16barsの鼓動 改定完全版

猫師匠

プロローグ

町田駅前。夕暮れの雑踏に、重たい低音が響いていた。

 誰かの叫びがスピーカーを震わせ、集まった人だかりが拳を突き上げる。


 輪の外で立ち止まったままの女子高生――姫咲ことねは、ただその光景を見つめていた。

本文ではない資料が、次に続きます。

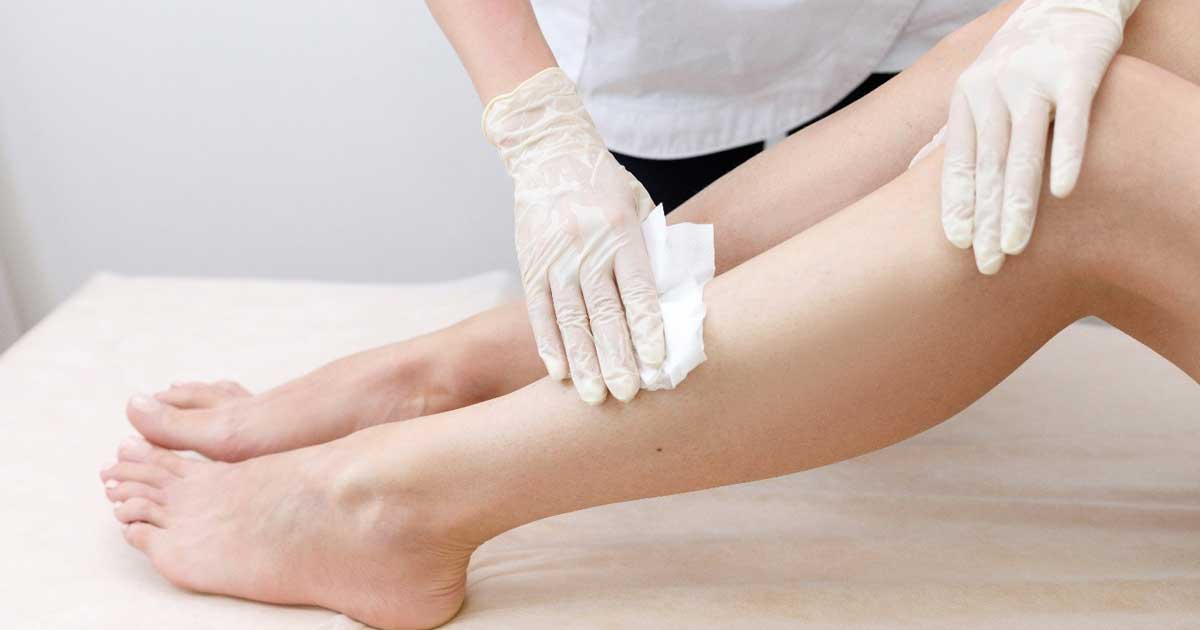 Chuẩn bị triệt lông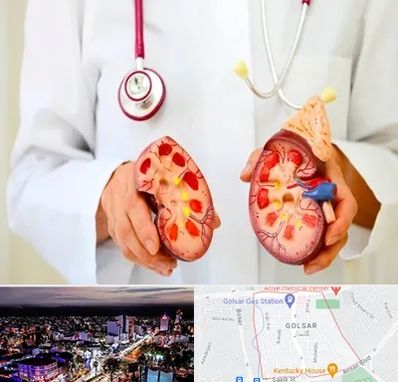 دکتر سنگ کلیه در گلسار رشت 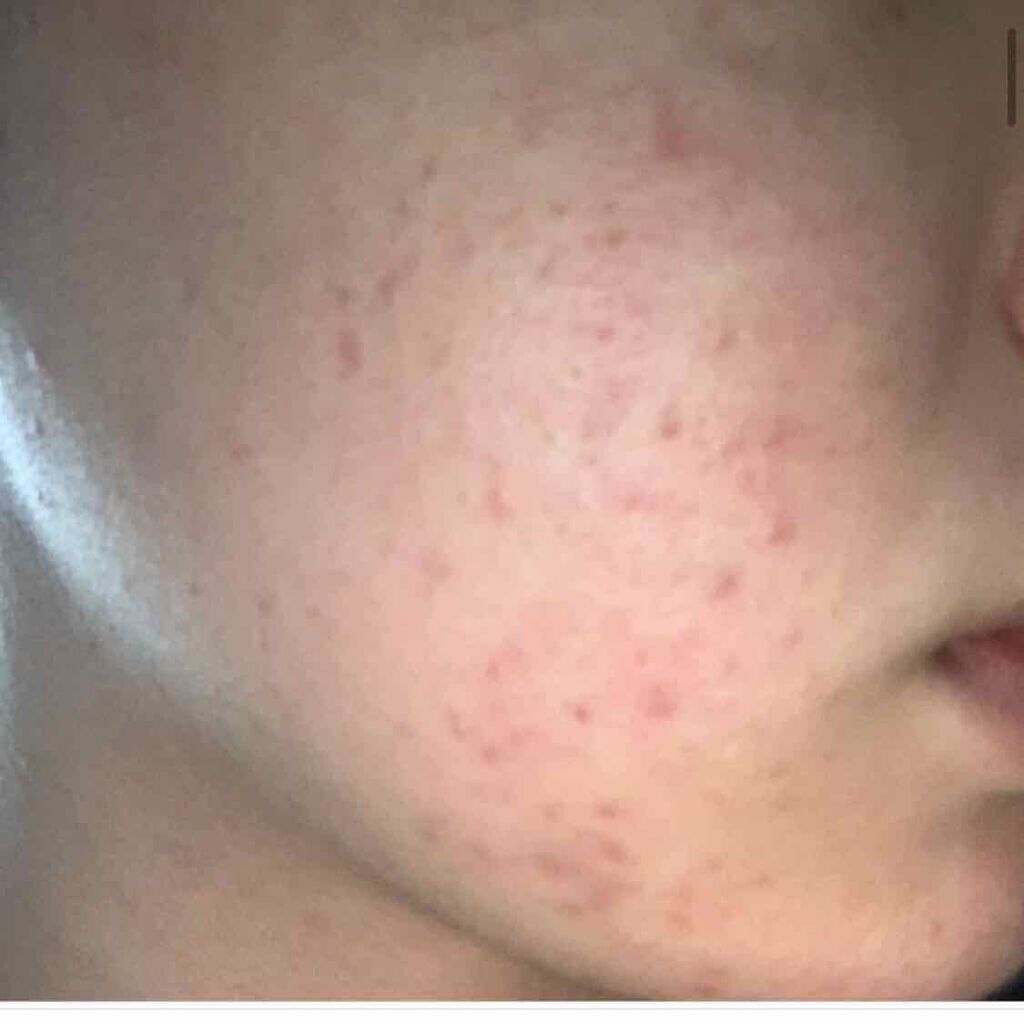 プロポリス エネルギーアンプル/CNP Laboratory/美容液を使ったクチコミ（1枚目）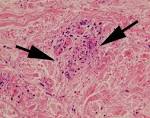 <b>Churg</b>-<b>Strauss syndrome</b> in a
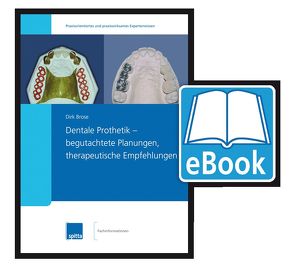 Dentale Prothetik – begutachtete Planungen, therapeutische Empfehlungen von Brose,  Dirk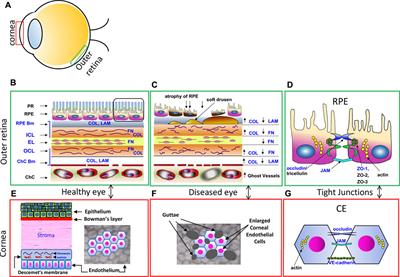 Potential role of extracellular granzyme B in wet age-related macular degeneration and fuchs endothelial corneal dystrophy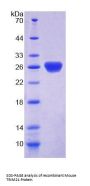 Mouse E3 Ubiquitin-Protein Ligase TRIM21 (TRIM21) Protein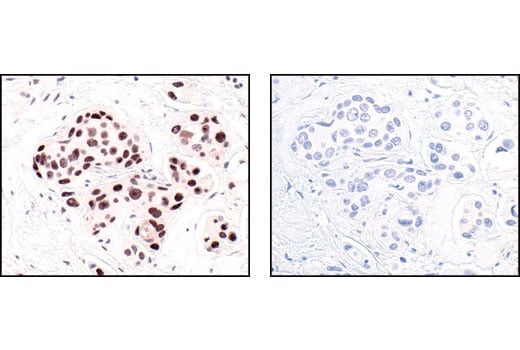 Immunohistochemistry Image 1: HP1 alpha Antibody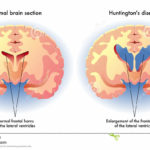 huntington-s-disease-medical-illustration-symptoms-brain-68174452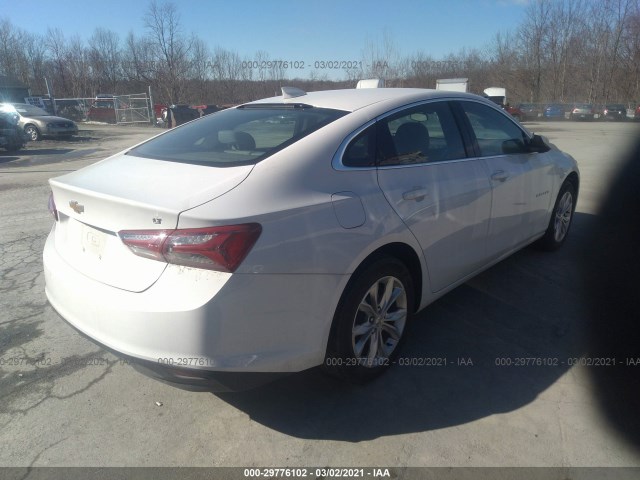 Photo 3 VIN: 1G1ZD5ST0LF074383 - CHEVROLET MALIBU 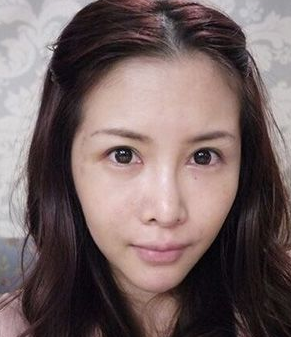 长效玻尿酸填充泪沟,效果真得很好! 长效玻尿酸填充泪沟,效果真得很好!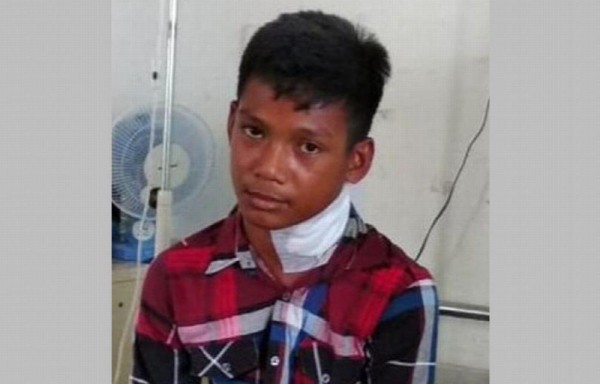 Un pez espada atravesó su cuello y el chico sobrevivió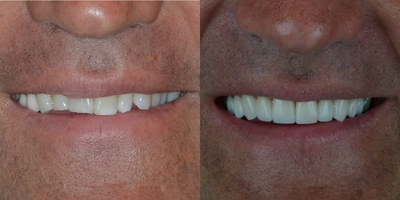 Smile Makeover before and after photo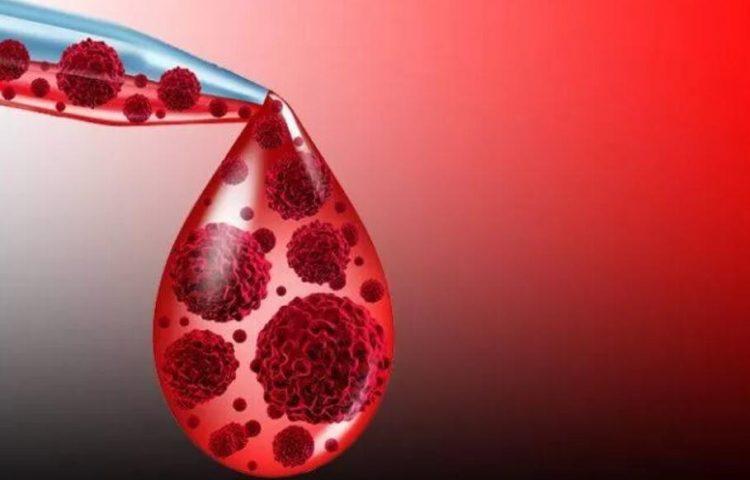 Waldenström巨球蛋白血症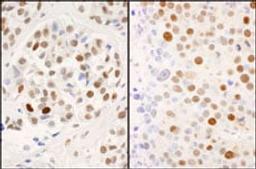 Detection of human and mouse Phospho MCM2 (S53) by immunohistochemistry.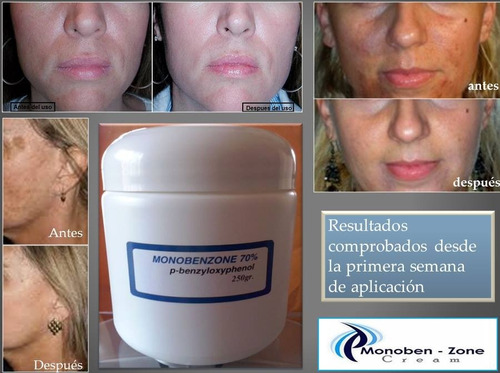 Crema Blanqueadora Permanente (monobenzona 50 Gr Al 40%)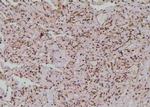 Phospho-NF2 (Ser13) Antibody in Immunohistochemistry (Paraffin) (IHC (P))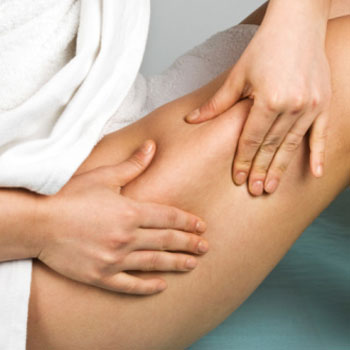 Cellulite: Just Plain Fat?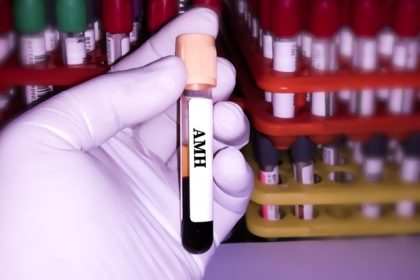 Rolul AMH in evaluarea rezervei ovariene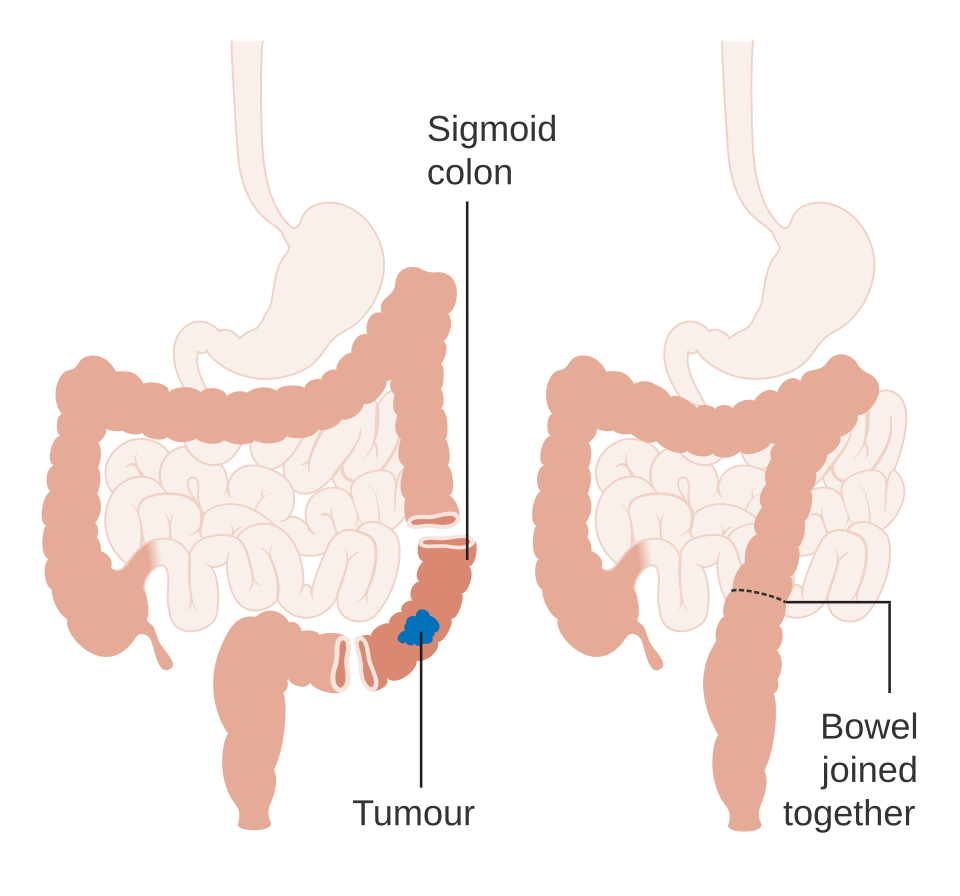 sigmoid colectomy.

 彼女はいつもそうだ。教室の隅に座り、声を殺し、存在を薄めて生きてきた。

 自分には居場所なんてないと、どこかで諦めていた。


「ことね!」

 背中を叩いたのは、幼馴染の結城彩葉だった。

 明るくて、誰とでも話せて、ことねとは正反対の女の子。

 唯一、孤独なことねを放っておけない存在。


「寄り道? また一人でここにいたの?」

「……うん、まあ」


 ことねの視線の先、ストリートの中心には一人の女性ラッパーがいた。

 観客の視線を一身に浴び、鋭い言葉を連打し、まるで世界そのものを掴んでいるかのように。

 彼女の名は――MC REINA。


 観客の声援が地響きのように広がり、その中心で放たれる言葉がことねの胸を打ち抜いた。

 鋭いのに温かく、粗削りなのに強烈。

 その「生きた言葉」に、ことねは息を呑んだ。


「……すごい」

 自分でも気づかぬうちに、声が漏れた。


 ライブを終えたREINAがマイクを置き、観客に手を振る。

 そして偶然、外側に立つことねと視線が交わった。

 短い沈黙のあと、REINAはにやりと笑い、一言だけ残して去っていった。


「粗さを消すなよ。お前のままでいい」


 その瞬間、ことねの心臓が高鳴る。

 ――まるで胸の奥で、新しい鼓動が鳴り始めたように。